Milk Street Cafe creamed in trademark case; TV chef gets to keep using 'Milk Street' in his new venture's name

A federal judge ruled today that Christopher Kimball can keep calling his new company Christopher Kimball's Milk Street despite opposition from the older Milk Street Cafe because the two companies don't directly compete and because the cafe failed to show it was being harmed by confusion or loss of customers.

In a memorandum and order, US District Court Judge Denise Casper said that Milk Street Cafe, despite a brief foray into New York, is a strictly local concern that relies mainly on customers downtown and uses only minimal advertising consisting mainly of things such as putting its logo on delivery trucks and coffee cups. In contrast, she said, Kimball's new concern is a national company aimed at offering information and products to people who want to learn to cook and isn't in the restaurant or catering business.

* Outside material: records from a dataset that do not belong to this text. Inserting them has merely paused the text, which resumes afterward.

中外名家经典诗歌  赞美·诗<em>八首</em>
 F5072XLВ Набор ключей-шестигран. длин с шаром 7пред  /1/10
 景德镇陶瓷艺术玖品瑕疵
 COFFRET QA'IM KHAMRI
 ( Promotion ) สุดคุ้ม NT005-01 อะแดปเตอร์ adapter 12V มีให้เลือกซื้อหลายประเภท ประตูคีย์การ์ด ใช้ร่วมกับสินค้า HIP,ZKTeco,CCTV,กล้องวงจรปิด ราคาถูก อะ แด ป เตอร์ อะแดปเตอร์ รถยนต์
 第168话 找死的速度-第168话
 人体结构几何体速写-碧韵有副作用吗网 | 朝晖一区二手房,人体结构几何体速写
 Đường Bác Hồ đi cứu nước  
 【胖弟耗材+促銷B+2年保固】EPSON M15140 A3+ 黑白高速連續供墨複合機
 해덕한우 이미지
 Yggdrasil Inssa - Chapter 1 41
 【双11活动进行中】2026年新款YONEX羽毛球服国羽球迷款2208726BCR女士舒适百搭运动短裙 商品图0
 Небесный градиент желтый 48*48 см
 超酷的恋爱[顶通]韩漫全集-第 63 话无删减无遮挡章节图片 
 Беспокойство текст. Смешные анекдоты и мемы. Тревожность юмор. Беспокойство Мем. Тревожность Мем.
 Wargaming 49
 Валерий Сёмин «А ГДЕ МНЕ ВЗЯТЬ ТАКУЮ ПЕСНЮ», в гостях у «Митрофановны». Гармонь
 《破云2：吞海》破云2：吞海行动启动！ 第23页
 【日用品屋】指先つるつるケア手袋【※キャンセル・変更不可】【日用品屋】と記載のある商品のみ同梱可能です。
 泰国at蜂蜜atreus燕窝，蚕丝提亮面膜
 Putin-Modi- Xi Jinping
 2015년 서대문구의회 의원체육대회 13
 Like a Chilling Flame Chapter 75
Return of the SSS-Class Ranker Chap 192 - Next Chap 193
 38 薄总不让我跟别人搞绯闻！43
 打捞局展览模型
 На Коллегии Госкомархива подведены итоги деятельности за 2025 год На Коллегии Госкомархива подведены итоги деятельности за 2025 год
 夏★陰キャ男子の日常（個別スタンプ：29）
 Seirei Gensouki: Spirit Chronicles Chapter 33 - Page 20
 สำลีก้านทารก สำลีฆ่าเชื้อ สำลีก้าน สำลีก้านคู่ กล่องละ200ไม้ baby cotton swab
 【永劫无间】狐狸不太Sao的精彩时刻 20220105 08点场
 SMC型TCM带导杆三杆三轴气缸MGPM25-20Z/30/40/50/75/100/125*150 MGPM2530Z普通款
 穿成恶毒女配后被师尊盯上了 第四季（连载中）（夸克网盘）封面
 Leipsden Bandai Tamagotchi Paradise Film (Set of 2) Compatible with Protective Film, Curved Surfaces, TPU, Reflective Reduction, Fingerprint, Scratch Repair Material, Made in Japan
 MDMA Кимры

And, she said, Kimball chose the name because his new office is also on Milk Street, not to take business away from the cafe, founded in 1981, which he claimed to have never heard of before.

At a trial last month, Casper ruled, Milk Street Cafe said its business remains strong despite Kimball's venture. The cafe also did not use the phrase "Milk Street" alone, she said, noting that even though it owned the milkstreet.com domain, it redirects users to milkstreetcafe.com. And that means the name remains a geographic location without any "secondary" meaning that would make people think of the cafe or its kosher offerings, she wrote, adding that the two company's logos were also distinct.

But while Casper sided with Kimball, she did deny his request to strip Milk Street Cafe of the trademark it won in 2011.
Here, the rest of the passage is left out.